#### Problem:
Please reproduce the lines of the records below from the one holding "Oceane Dresser Set" through the one holding "Conical Soldering Tip", inclusive, skipping all pictures.

#### Given entries:

== == ==

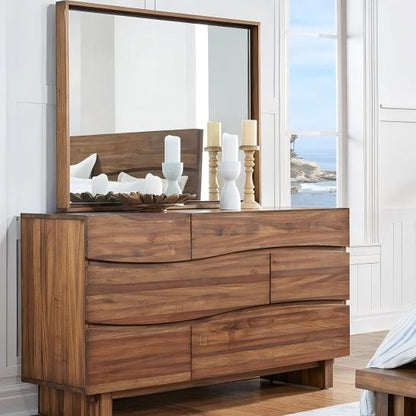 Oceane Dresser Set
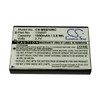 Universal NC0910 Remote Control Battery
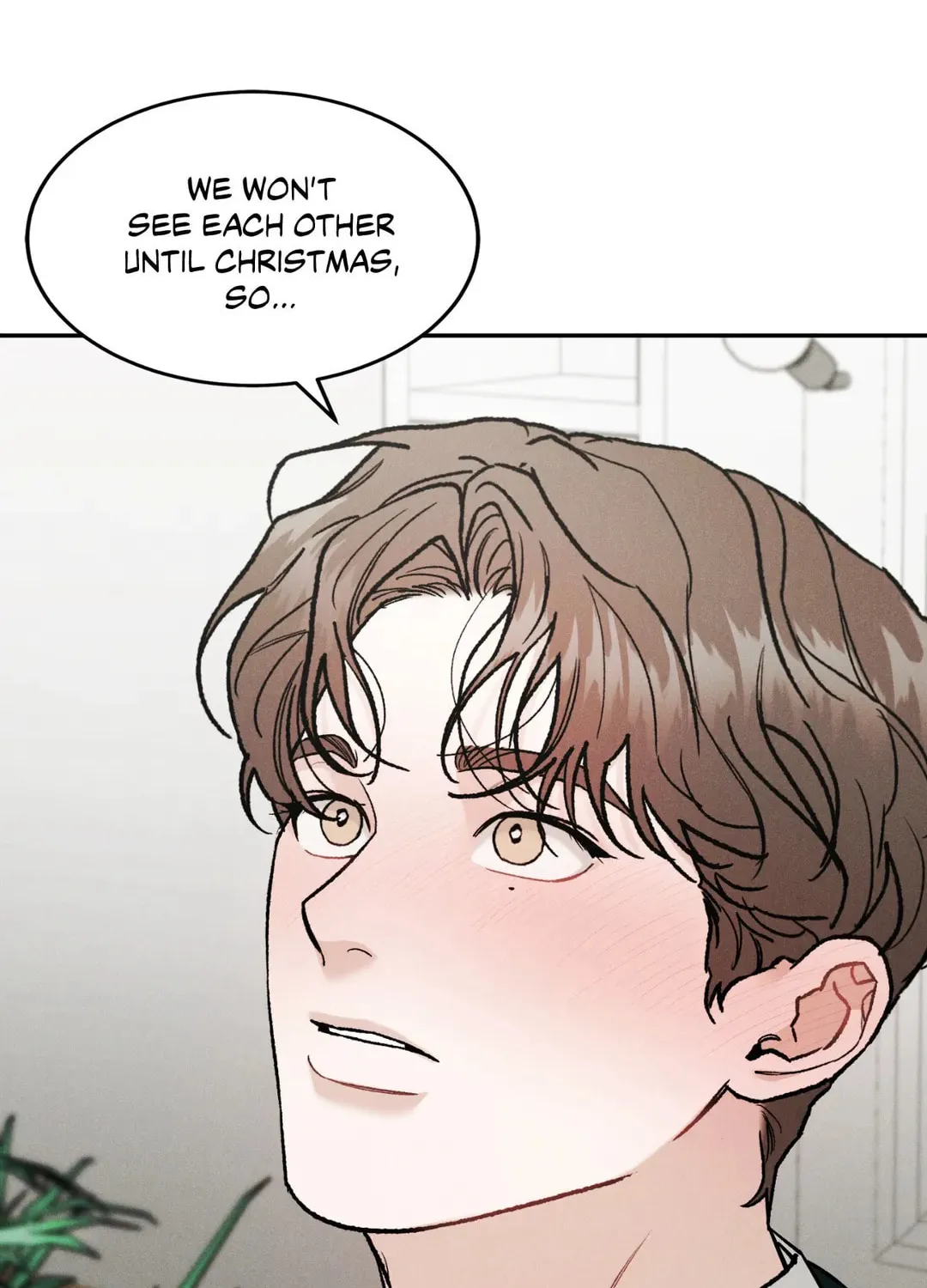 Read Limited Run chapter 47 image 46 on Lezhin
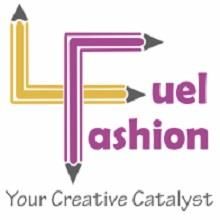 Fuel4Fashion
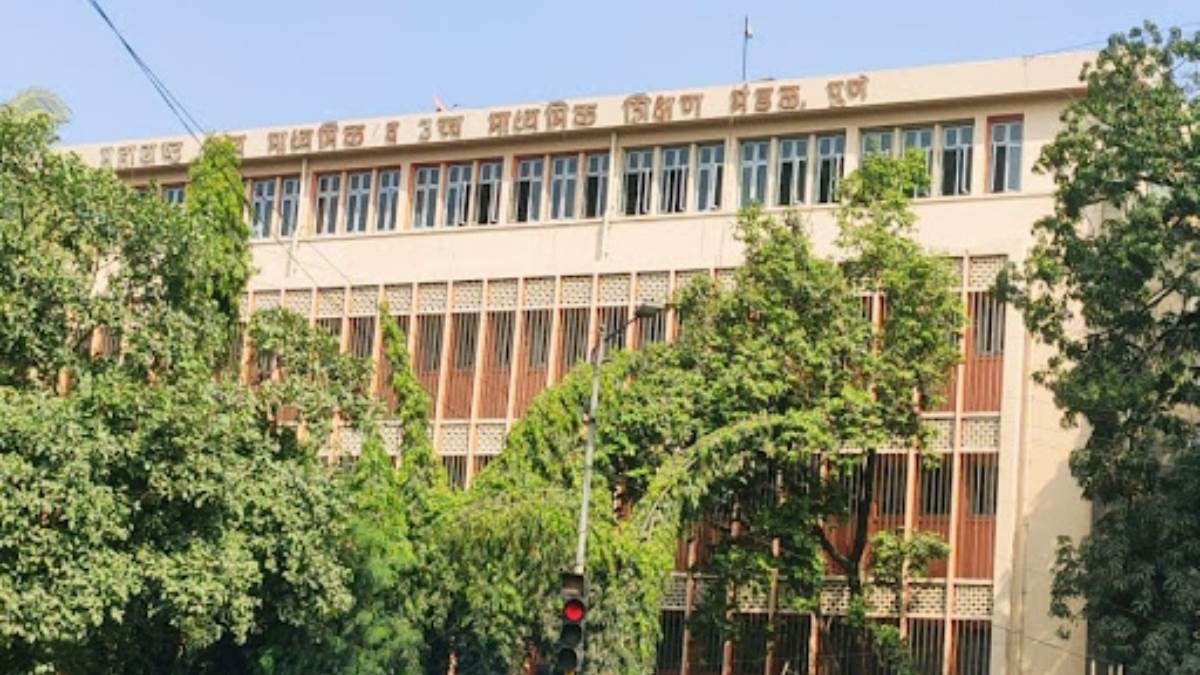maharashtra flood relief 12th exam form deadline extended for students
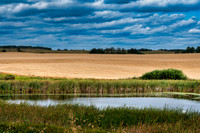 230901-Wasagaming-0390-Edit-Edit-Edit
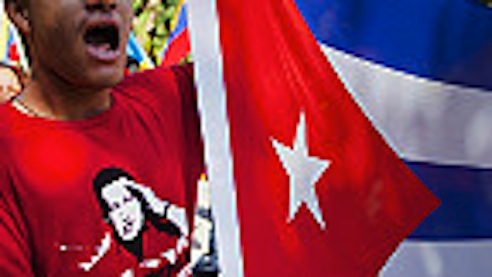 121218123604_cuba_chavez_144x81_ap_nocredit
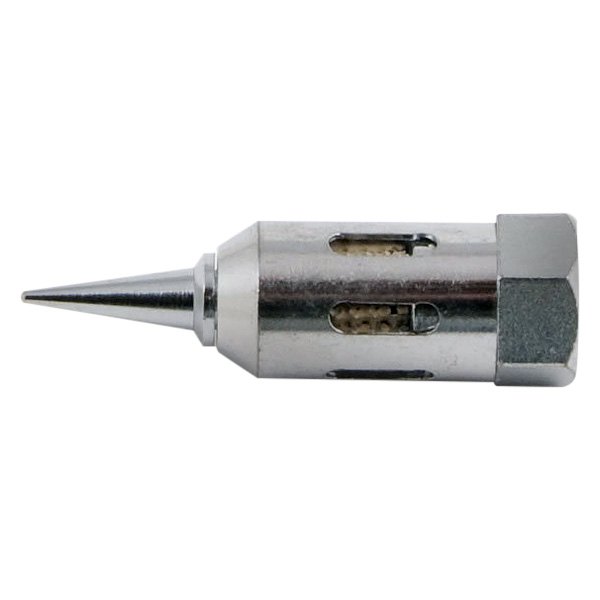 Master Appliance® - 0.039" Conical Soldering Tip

== == ==

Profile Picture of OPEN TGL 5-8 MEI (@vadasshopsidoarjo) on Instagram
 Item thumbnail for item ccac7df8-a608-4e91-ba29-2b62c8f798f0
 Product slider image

== == ==

#### Response box:
 Oceane Dresser Set
 Universal NC0910 Remote Control Battery
 Read Limited Run chapter 47 image 46 on Lezhin
 Fuel4Fashion
maharashtra flood relief 12th exam form deadline extended for students
 230901-Wasagaming-0390-Edit-Edit-Edit
 121218123604_cuba_chavez_144x81_ap_nocredit
 Master Appliance® - 0.039" Conical Soldering Tip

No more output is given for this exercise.